The Stoning of the Devil (رمي الجمرات ramy al-jamarāt, lit. "throwing of the jamarāt [place of pebbles]")
is part of the annual Islamic Hajj pilgrimage to the holy city of Mecca in Saudi Arabia. During the ritual, Muslim pilgrims throw pebbles at three walls (formerly pillars), called jamarāt, from the Jamaraat Bridge in the city of Mina just east of Mecca. It is a symbolic reenactment of Ibrahim's (or Abraham's) hajj, where he stoned three pillars representing the Shaitan (or Satan), and Muslims' temptation to disobey the will of Allah.

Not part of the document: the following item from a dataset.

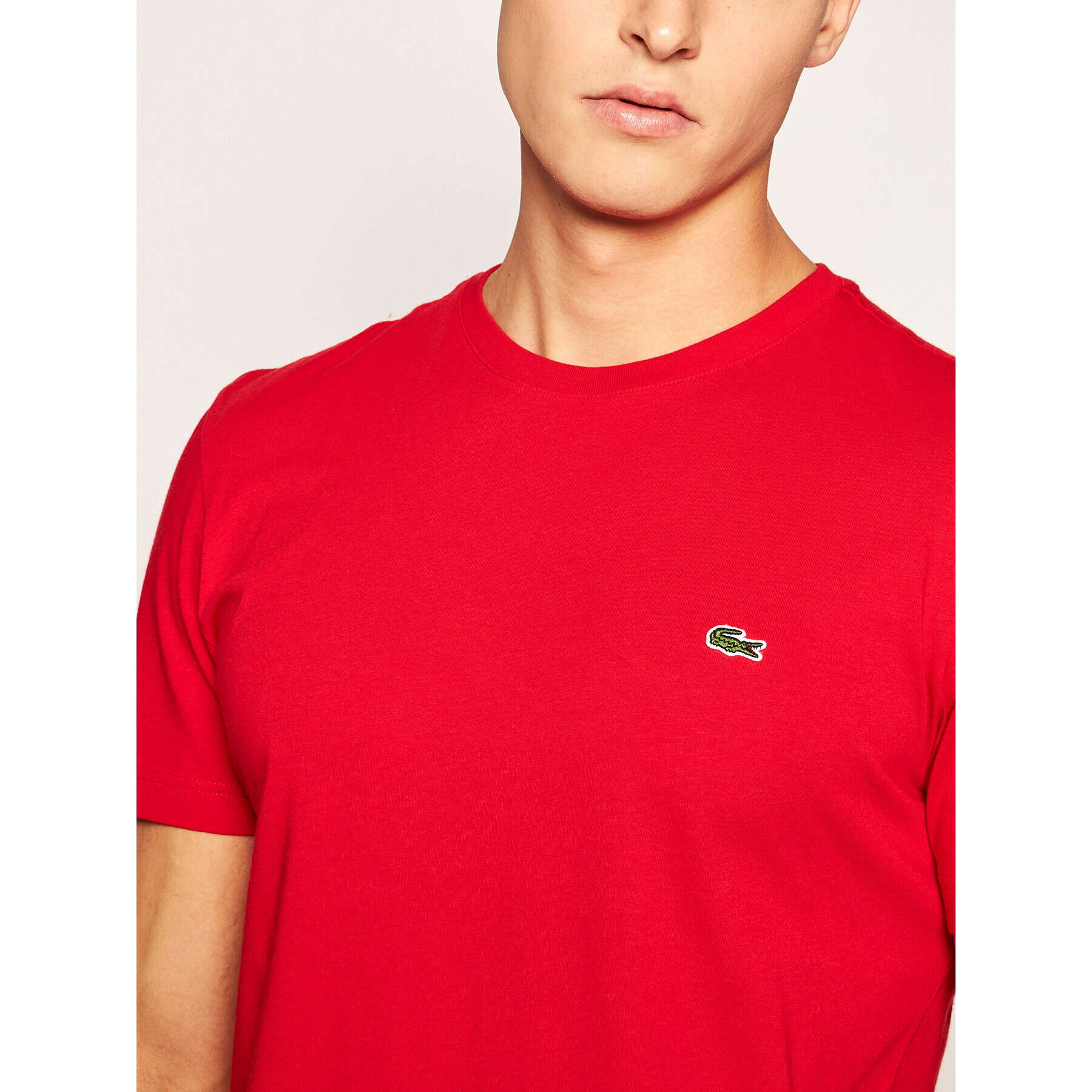 Lacoste Тишърт TH2038 Червен Regular Fit - Pepit.bg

On Eid al-Adha (the 10th day of the month of Dhu al-Hijjah), pilgrims must strike the Big Jamarah or Al-Jamrah Al-Aqaba with seven pebbles. After the stoning is completed on the day of Eid, every pilgrim must cut or shave their hair. On each of the following two days, they must hit all three walls with seven pebbles each, going in order from east to west. Thus at least 21 pebbles are needed for the ritual; more stones would be needed if they failed to hit the pillar. It is permissible for the stones to fall into the designated areas of the pillars, and there is no need to throw them again if they land in the appropriate vicinity.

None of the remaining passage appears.